[DATA SHOWN — start]

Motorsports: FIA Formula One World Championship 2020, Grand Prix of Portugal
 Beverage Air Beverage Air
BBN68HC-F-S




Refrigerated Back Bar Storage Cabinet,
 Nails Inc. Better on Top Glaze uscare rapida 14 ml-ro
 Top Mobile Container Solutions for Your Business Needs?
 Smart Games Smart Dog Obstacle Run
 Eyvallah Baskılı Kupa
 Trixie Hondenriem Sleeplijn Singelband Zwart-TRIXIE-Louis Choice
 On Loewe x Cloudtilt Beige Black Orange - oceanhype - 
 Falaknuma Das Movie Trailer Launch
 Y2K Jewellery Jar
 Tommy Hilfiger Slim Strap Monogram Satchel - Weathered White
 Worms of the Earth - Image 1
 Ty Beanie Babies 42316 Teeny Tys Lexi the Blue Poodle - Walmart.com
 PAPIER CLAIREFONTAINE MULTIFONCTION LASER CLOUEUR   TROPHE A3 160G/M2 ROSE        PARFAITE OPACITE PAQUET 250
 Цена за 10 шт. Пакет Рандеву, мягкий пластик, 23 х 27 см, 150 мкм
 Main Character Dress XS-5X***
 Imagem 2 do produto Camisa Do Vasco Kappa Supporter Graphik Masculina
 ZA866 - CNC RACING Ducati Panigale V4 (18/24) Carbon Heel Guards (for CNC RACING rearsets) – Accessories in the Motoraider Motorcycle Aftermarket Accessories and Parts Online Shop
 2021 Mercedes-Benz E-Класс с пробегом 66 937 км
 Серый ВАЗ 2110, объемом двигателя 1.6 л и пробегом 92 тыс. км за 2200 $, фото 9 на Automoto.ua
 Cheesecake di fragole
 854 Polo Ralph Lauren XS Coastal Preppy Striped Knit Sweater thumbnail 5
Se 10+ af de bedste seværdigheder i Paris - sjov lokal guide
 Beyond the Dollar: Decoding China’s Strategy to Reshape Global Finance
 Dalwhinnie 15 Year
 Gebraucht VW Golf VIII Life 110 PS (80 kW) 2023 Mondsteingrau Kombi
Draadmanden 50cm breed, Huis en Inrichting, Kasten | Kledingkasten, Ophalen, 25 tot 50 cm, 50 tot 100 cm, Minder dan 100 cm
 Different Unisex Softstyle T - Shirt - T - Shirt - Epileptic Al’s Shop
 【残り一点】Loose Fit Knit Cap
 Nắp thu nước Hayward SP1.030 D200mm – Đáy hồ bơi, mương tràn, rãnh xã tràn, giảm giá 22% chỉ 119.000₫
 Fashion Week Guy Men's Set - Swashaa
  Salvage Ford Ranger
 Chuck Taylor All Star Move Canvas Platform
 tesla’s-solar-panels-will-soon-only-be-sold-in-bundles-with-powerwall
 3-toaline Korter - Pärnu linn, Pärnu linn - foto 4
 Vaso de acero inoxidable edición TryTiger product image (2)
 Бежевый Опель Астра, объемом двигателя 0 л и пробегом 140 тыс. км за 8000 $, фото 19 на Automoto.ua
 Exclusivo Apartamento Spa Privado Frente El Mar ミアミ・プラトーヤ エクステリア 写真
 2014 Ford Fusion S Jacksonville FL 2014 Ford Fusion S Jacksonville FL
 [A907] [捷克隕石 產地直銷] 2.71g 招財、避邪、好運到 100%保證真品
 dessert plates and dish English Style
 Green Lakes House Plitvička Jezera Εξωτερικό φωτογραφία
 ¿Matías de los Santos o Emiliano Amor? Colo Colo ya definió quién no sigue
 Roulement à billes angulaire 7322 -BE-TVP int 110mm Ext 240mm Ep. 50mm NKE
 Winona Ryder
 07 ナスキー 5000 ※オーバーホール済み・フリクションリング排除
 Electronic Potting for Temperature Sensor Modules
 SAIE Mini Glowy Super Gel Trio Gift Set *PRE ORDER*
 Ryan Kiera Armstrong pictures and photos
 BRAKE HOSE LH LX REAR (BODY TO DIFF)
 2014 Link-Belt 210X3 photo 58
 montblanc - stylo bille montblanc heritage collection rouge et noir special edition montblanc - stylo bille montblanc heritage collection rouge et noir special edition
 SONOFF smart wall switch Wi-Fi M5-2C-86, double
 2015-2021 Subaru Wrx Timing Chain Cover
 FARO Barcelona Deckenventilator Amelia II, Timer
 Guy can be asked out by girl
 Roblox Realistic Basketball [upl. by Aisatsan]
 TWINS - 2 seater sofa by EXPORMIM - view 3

[DATA SHOWN — finish]

== WHAT TO DO ==
Give the exact lines, and only those, from the line containing "Ty Beanie Babies" through the line containing "Imagem 2 do" in the entries above.

== ANSWER BELOW ==
 Ty Beanie Babies 42316 Teeny Tys Lexi the Blue Poodle - Walmart.com
 PAPIER CLAIREFONTAINE MULTIFONCTION LASER CLOUEUR   TROPHE A3 160G/M2 ROSE        PARFAITE OPACITE PAQUET 250
 Цена за 10 шт. Пакет Рандеву, мягкий пластик, 23 х 27 см, 150 мкм
 Main Character Dress XS-5X***
 Imagem 2 do produto Camisa Do Vasco Kappa Supporter Graphik Masculina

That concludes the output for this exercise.